BLVR: It wasn’t a supersanitized commercial.
CB: Yeah, very, very odd. So I didn’t have to worry about: is this OK, or is that OK? I was just told, “Draw two wires electrocuting a tongue!” But out of the comic strips that I did for them, there was one that was never released. At the very, very, very last moment the head honcho in charge decided we couldn’t do it. The campaign was for Altoids breath strips that are supposed to be really hot and intense—they’ll burn your tongue because they’re so strong. So in the comic there’s a kid who’s got a magnifying lens and he’s burning ants, then it builds from that and he’s going out and burning larger animals like a pig and a cow. And in the end, there’s the big payback when he samples some Altoid strips and he’s imagining a gigantic magnifying lens burning his tongue as all the animals he’s tortured stand around and laugh at him.
BLVR: Were you into drawing as a kid?
CB: Yeah, before I could write, I was drawing. I think a lot of it had to do with finding some way of entertaining myself. And finding some kind of internal world that I could climb into and work inside of.

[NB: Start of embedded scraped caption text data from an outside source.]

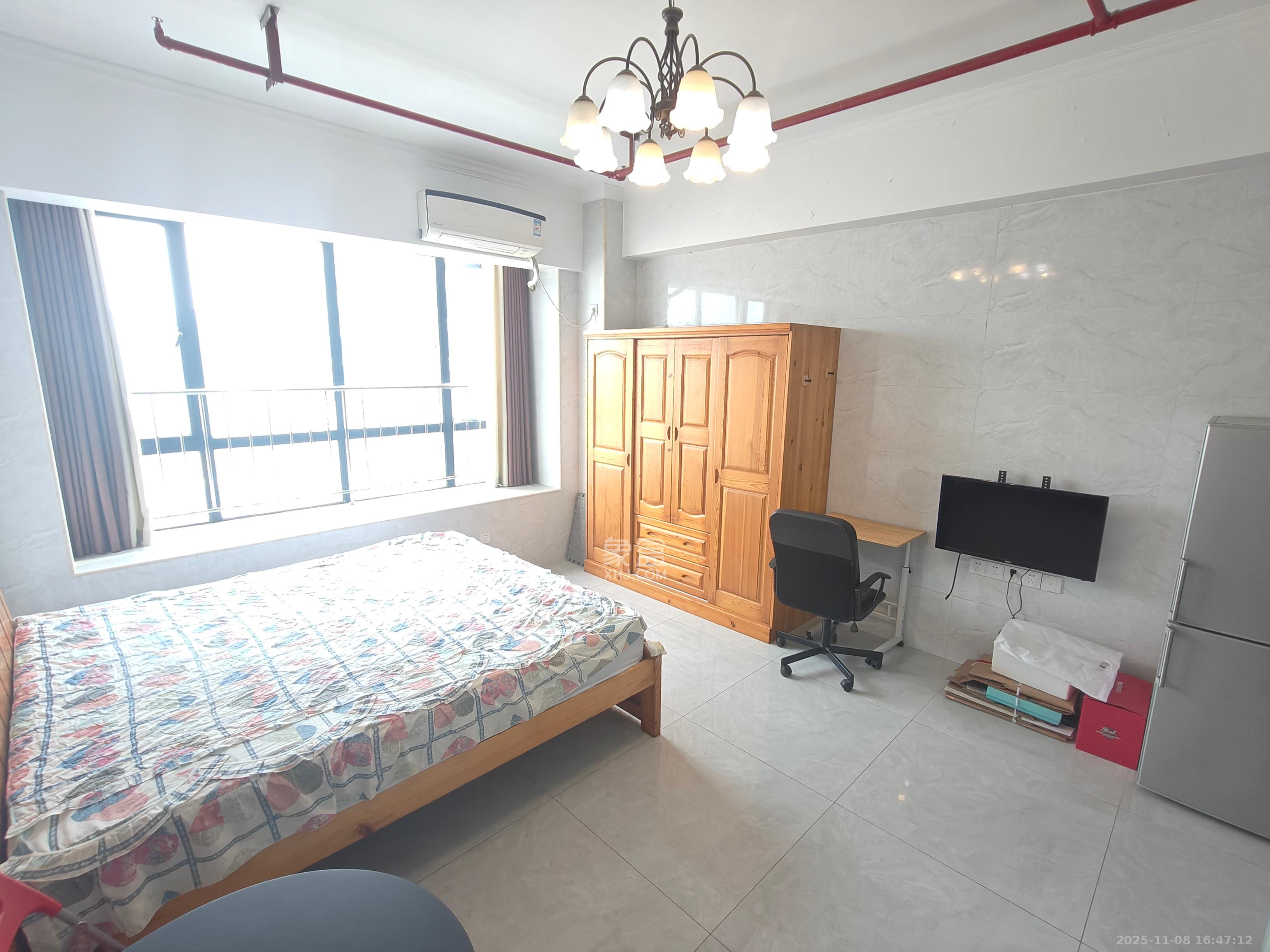 洋湖时代  1室1厅1卫    1100.0元/月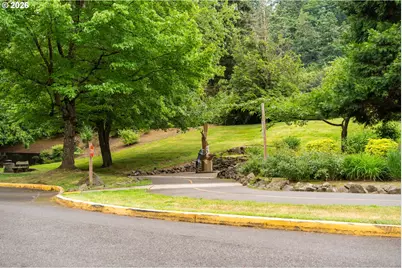 9830 NE Skidmore St, Portland, OR 97220 - Photo 41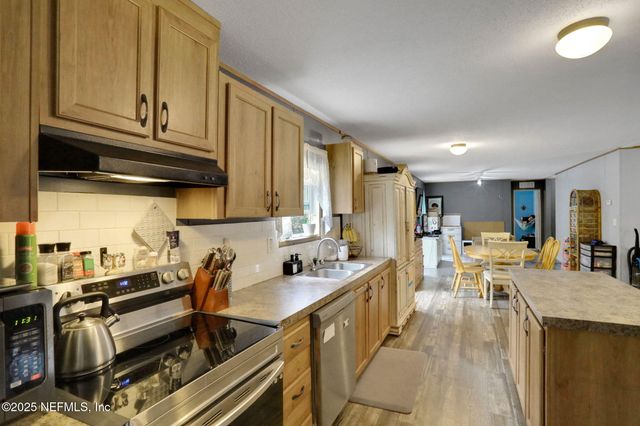 4527 BONDARENKO Road, Keystone Heights, FL 32656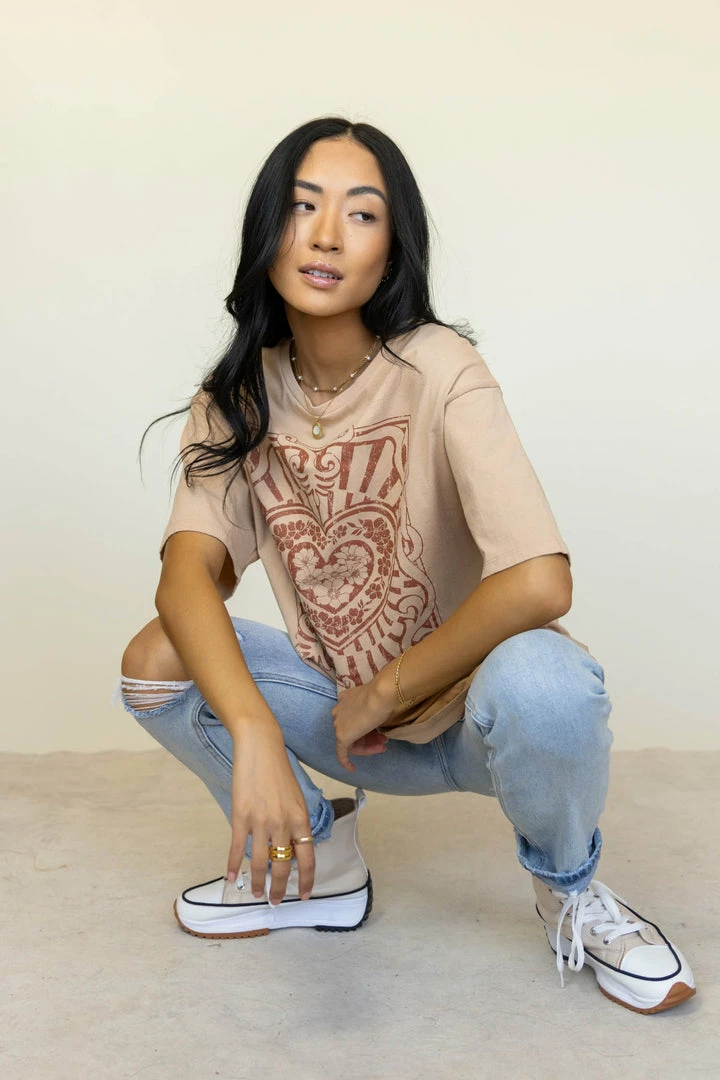 Cheap ๐ฏ WELLMADE INC Follow Your Heart Tee - FINAL SALE ๐งจ 4 WELLMADE INC Follow Your Heart Tee - FINAL SALE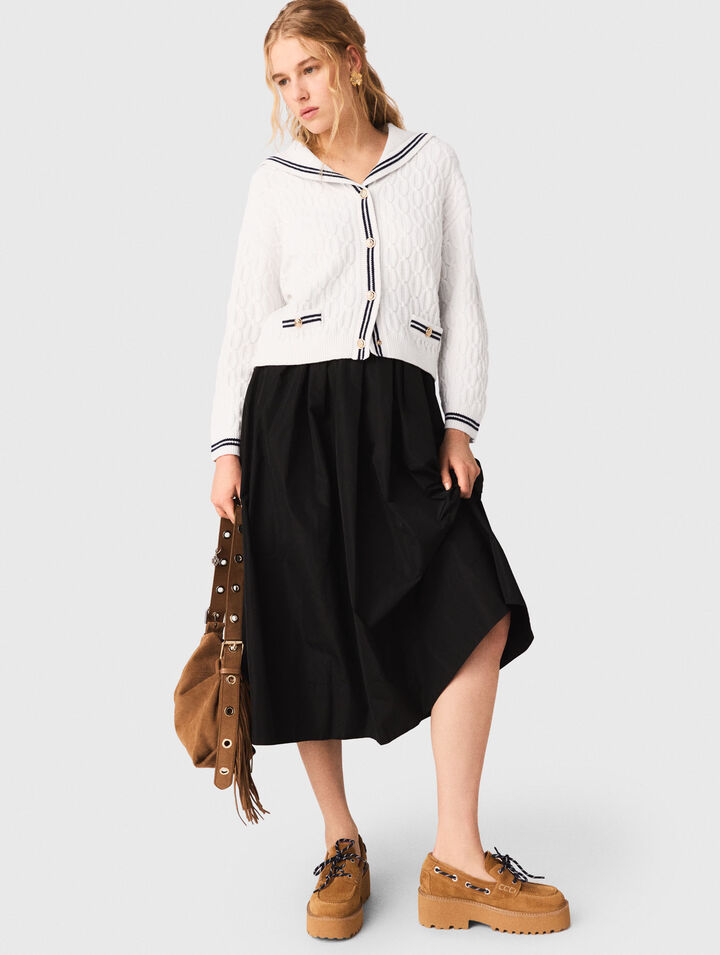 Langer Rock mit Kontrast-Taille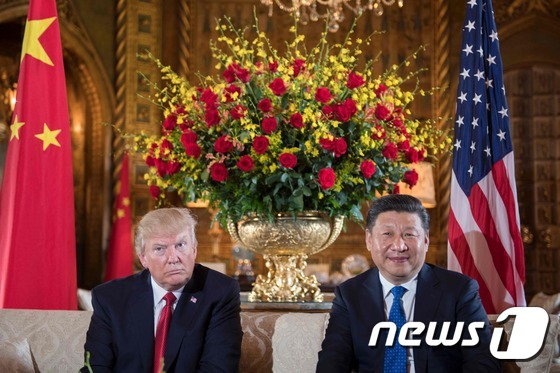 도널드 트럼프 미국 대통령과 시진핑 중국 국가주석이 지난 6일(현지시간) 플로리다 주 팜비치의 마라라고 별장에서 회담을 하기 전에 나란히 앉아 있다. © AFP=뉴스1 © News1 우동명 기자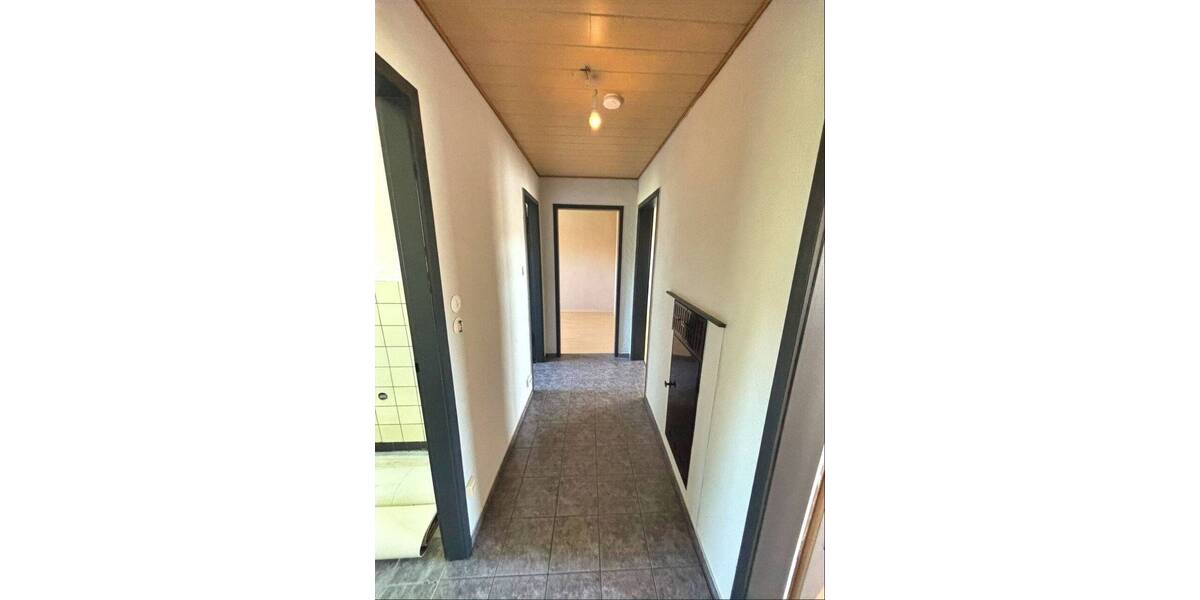 Reihenmittelhaus Sindelfingen Mitte - 7 Zimmer, 140 m&sup2;, 480.000&euro; | Angebot:26807364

BLVR: What was high school like?
CB: High school was like… There’s a book I did— called Black Hole? [Laughter] No. High school was much more benign than the way I portray it in Black Hole.
My family moved around a lot when I was growing up, and drawing comics was one of the things I got attention for—I may have been socially inept, but I could draw good monsters. And I would kind of force my friends to draw with me. In grade school I would force my friends to do parodies of superhero comics, and then by the time we were in junior high school, we did parodies of underground comics. And Seattle was conducive to staying in and doing artwork, because it was raining all the time….
BLVR: What work did you like?
CB: My family went to the library once a week and came back with stacks of books, including art books and collections of classic comics. My father had copies of the reprints of Mad when it was a comic book by Harvey Kurtzman, and I was looking at those before I could actually read and understand what the stories were all about. That had a big, big impact on me. Another thing that had a big impact was Tintin. In the late ’50s and the early ’60s an American publisher tried putting out a series of Tintin books, and my dad bought those for me, so I was lucky enough to grow up reading Tintin.
And then as I was growing up I’d read whatever I could find, which would include all of the major, mainstream superhero stuff. And by the time I grew disinterested in that, there were underground comics, which kind of saved me.
BLVR: Where did you buy them?
CB: Well, at that point even though they were supposed to be for adults, you could walk into any head shop and the guy that was selling you your hash pipe was more than happy to, you know, take your fifty cents for Big Ass Comics #2, which smelled like patchouli oil. You’d walk into this kind of dungeony head shop and look at their wares, and they’d have huge stacks of every underground comic available. I would always go for the Robert Crumb books. It’s hard to explain what an impact his work had on me.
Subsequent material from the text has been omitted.